*** Records Section Begins ***

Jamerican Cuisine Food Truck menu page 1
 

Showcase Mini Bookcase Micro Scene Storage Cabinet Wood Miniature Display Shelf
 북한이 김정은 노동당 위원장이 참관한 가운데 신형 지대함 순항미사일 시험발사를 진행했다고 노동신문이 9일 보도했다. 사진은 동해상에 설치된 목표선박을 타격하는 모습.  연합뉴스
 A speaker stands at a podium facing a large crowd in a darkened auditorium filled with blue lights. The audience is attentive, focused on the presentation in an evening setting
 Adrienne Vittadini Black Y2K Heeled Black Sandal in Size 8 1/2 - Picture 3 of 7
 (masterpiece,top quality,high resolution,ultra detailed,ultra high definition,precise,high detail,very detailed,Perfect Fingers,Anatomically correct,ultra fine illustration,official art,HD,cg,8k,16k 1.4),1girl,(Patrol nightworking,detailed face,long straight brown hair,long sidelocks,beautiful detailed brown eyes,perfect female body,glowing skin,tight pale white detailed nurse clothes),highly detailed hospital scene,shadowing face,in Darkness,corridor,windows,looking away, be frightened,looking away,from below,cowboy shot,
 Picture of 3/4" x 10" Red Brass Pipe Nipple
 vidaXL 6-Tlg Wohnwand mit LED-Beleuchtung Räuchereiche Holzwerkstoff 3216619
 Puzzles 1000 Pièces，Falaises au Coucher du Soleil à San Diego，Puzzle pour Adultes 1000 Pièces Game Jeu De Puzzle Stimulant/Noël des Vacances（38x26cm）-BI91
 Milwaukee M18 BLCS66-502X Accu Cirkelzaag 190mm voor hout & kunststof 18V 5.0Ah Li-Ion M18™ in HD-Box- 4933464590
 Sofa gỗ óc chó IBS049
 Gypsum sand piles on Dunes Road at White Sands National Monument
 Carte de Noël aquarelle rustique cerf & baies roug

*** Records Section Ends ***

_Required action_
Once the line with "vidaXL 6-Tlg Wohnwand" has been found in the records above, retype it and every line after it exactly, and include nothing else.

_Task response_
 vidaXL 6-Tlg Wohnwand mit LED-Beleuchtung Räuchereiche Holzwerkstoff 3216619
 Puzzles 1000 Pièces，Falaises au Coucher du Soleil à San Diego，Puzzle pour Adultes 1000 Pièces Game Jeu De Puzzle Stimulant/Noël des Vacances（38x26cm）-BI91
 Milwaukee M18 BLCS66-502X Accu Cirkelzaag 190mm voor hout & kunststof 18V 5.0Ah Li-Ion M18™ in HD-Box- 4933464590
 Sofa gỗ óc chó IBS049
 Gypsum sand piles on Dunes Road at White Sands National Monument
 Carte de Noël aquarelle rustique cerf & baies roug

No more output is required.